** Opening THE RECORDS block **

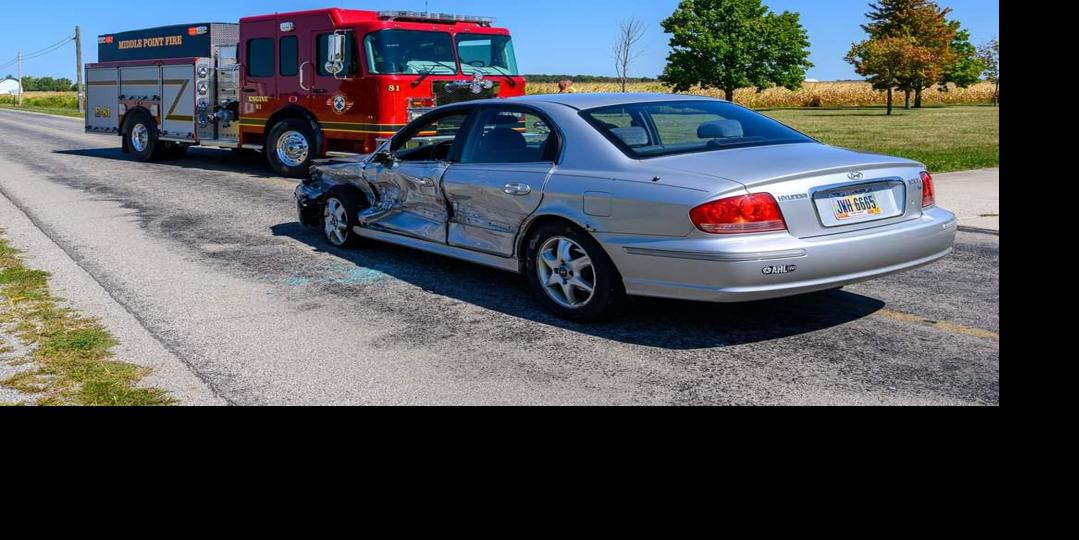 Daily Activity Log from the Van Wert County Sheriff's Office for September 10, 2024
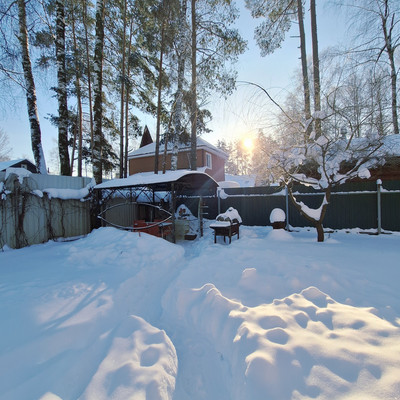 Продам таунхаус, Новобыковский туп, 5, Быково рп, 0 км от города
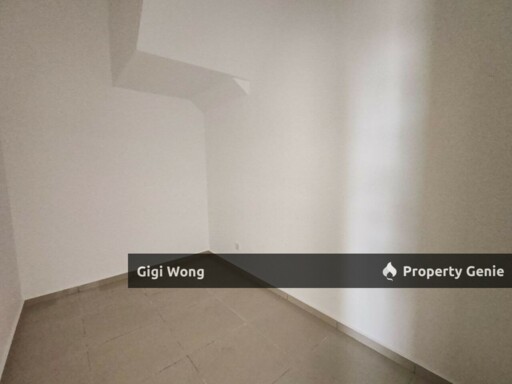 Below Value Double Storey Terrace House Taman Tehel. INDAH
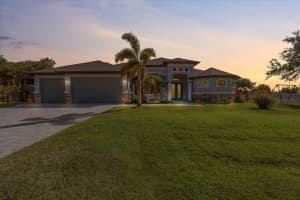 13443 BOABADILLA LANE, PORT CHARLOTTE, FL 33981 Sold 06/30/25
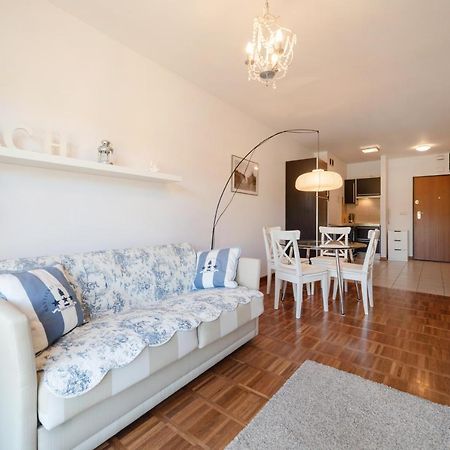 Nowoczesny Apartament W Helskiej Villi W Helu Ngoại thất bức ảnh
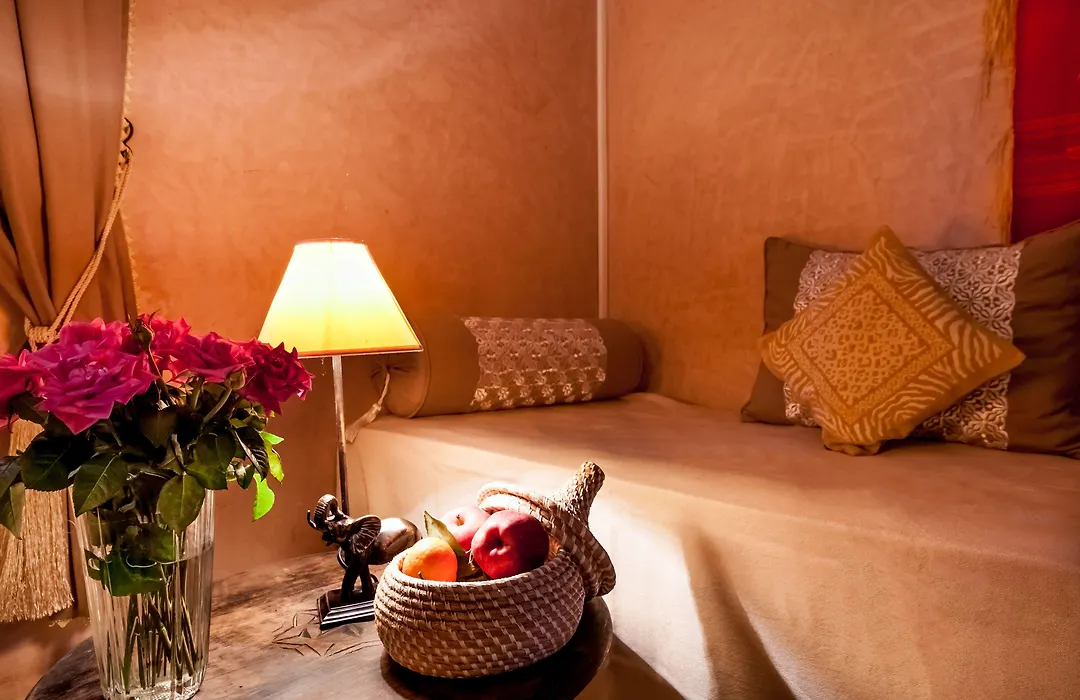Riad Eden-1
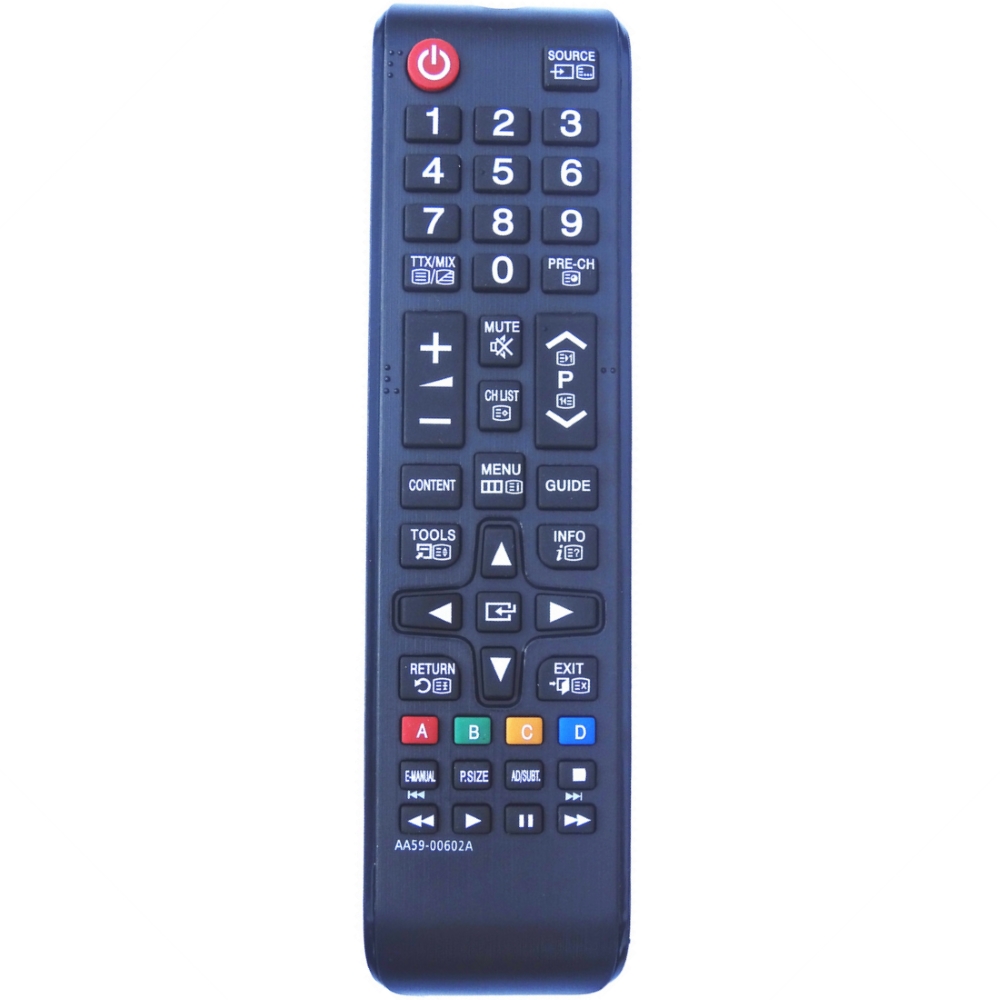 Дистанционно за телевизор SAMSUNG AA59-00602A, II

** Closing THE RECORDS block **
** Opening THE RECORDS block **

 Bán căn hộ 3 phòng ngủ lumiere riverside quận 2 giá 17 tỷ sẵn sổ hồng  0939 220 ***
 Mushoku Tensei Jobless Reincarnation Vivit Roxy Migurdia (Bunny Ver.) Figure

** Closing THE RECORDS block **
** Opening THE RECORDS block **

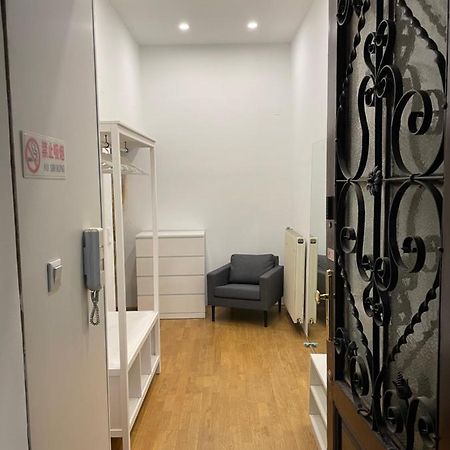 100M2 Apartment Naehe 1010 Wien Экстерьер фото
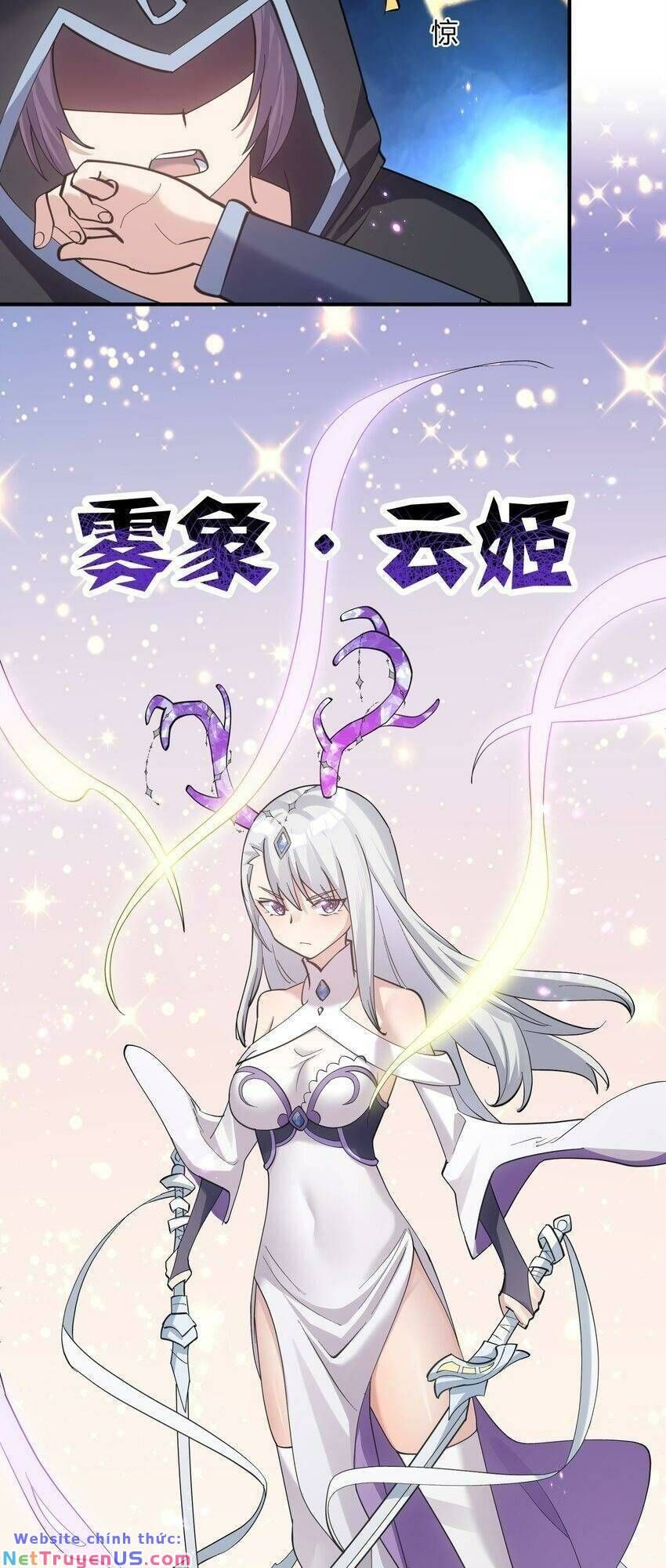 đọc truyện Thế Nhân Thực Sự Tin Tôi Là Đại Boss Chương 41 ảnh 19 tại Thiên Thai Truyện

** Closing THE RECORDS block **

● INSTRUCTIONS FOR THE TASK: Leave out the images and write out the lines above exactly, from the one with "Daily Activity Log" up to and including the one with "Дистанционно за телевизор".

● REPLY TO THE EXERCISE:
 Daily Activity Log from the Van Wert County Sheriff's Office for September 10, 2024
 Продам таунхаус, Новобыковский туп, 5, Быково рп, 0 км от города
 Below Value Double Storey Terrace House Taman Tehel. INDAH
 13443 BOABADILLA LANE, PORT CHARLOTTE, FL 33981 Sold 06/30/25
 Nowoczesny Apartament W Helskiej Villi W Helu Ngoại thất bức ảnh
Riad Eden-1
 Дистанционно за телевизор SAMSUNG AA59-00602A, II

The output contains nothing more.